- _Task statement_
Transcribe exactly the line with "2025最新,牙齿矫正后反弹,元凶竟是这些?" and each line that follows it in the listing, down to the last, omitting all pictures.

- _Available data_
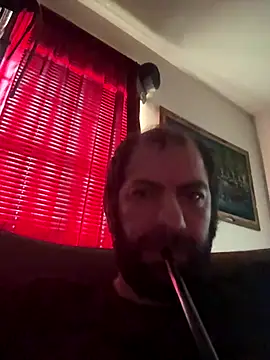 Snapshot of deleware806 chatting on 10.11.25 deleware806 online show from 10.11.25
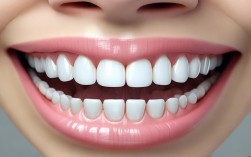 2025最新,牙齿矫正后反弹,元凶竟是这些?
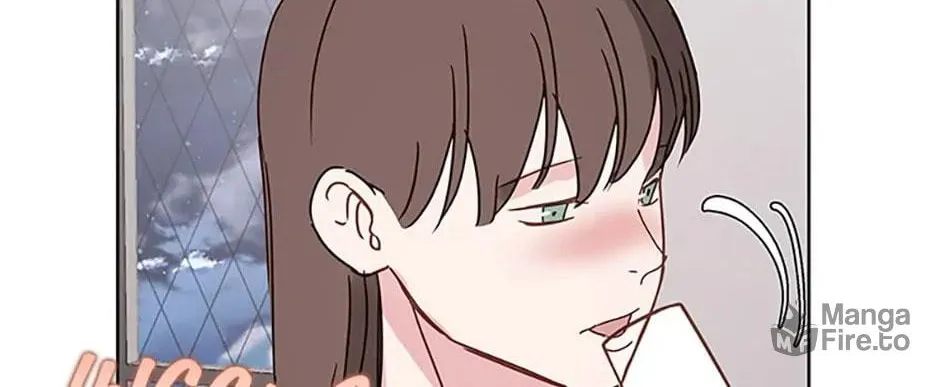 Read A Sunny Night Walk chapter 73 image 47 on Lezhin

- _Solution to the problem_
 2025最新,牙齿矫正后反弹,元凶竟是这些?
 Read A Sunny Night Walk chapter 73 image 47 on Lezhin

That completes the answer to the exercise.